Do you also explode all over people who tell you to "Have a nice day"? Nice? What a useless word! It means different things to everybody. How in heck can you wish me a "nice" day when we haven't spent 25 pages on a forum arguing over the parameters of what "nice" is -- let alone "a nice day" is? Nice should just be banished from the dictionary.
There is a huge difference. Nice is not a put down (unless you are The Witch). Video-gamey is. Especially given 4e's history of being declared to be just like World of Warcraft. (Or early 3e's of being just like Diablo). It is therefore deliberately offensive or ignorantly offensive.
Once again, my advice to you is to get over it. People will use the term videogamey (and nice) no matter how much you protest.
And the more people protest about people using thoughtless putdowns, the fewer will. Yes, this is a silly place to make a stand.
That I am not sure I can agree with. My knowledge of video games is admittedly limited, but I am not familiar with any video game that is as gritty as a tabletop game can be. Even the horror ones, like Silent Hill and Resident Evil, don't seem very gritty (even if they are enjoyable).
As gritty as a tabletop game can be or as gritty as Dungeons and Dragons (a game with an explicit raise dead spell) is?
Also horror and grit really aren't the same thing (and IIRC Resident Evil is about blowing the heads off zombies - yes it's horror, but like most D&D it's horror of the sort where you get to kill the horrifying creatures). For grit, try nethack. Or some of the more simulationist strategy games (Dwarf Fortress springs to mind).
To me, "videogamey" implies a great number of things, only one of which is a dealbreaker -- an artificial constraint on the possible action. For me, this problem arises from the following:
1. Any combat system that requires so long to resolve a combat that the action becomes artificially constrained to "only important combats". This includes the systems of both 3e and 4e. As a funny aside, although artificial constraint in action is something I associate with video games, this particular form of artificial constraint is something no video game I have ever played has included. Video games have no problems whatsoever dealing with minor combats.
Indeed. This is not video-gamey. Almost the reverse.
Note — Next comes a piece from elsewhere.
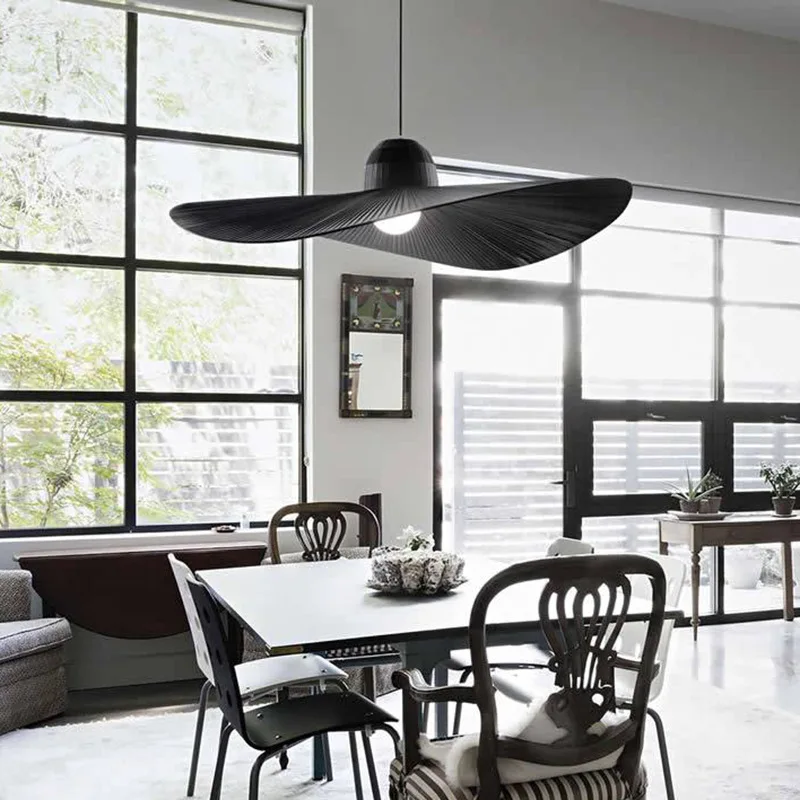 Designer Hat Chandelier Creative Fabric Pendant Lamp For Living Room Bedroom Hotel White Black LED Dining Table Hanging Lamp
2. Skill Challenges as presented in the (early?) rules
The presentation was bad. Granted.
6. Any "game balance" that has a very narrow range of threat levels that can be both interesting and that can impact the outcome of the adventure as a whole.
This is an oversimplification but a good point.
And, the #1 thing that tabletop games do better than video games is remove that sense of artificial constraint.
It took a hell of a lot of pages. But we've finally got a decent explanation - constrained. That one works. I happen to disagree and could go into why, but thank you for being the
first person I have ever asked to come up with a decent answer to what the term means without going to crap about powers, healing surges, and the like.
And constrained is something that can be discussed without being unclear and doesn't have a history of offensive nonsense from people who demonstrably do not know what they are talking about and associated putdowns attached to it.
Erm, no. You've actually got those turned around.
"I don't like 4e" is, if you don't like 4e, a statement of fact. If you say it and you do like 4e, it is a false statement. It is a statement about an opinion, but the statement itself is either true or false.
Point.
"4e is too like a video game", OTOH, is a statement of opinion, expressed as a statement of opinion. If you are unclear, those words "too like" express a valuation. Valuations, by their nature, are subjective.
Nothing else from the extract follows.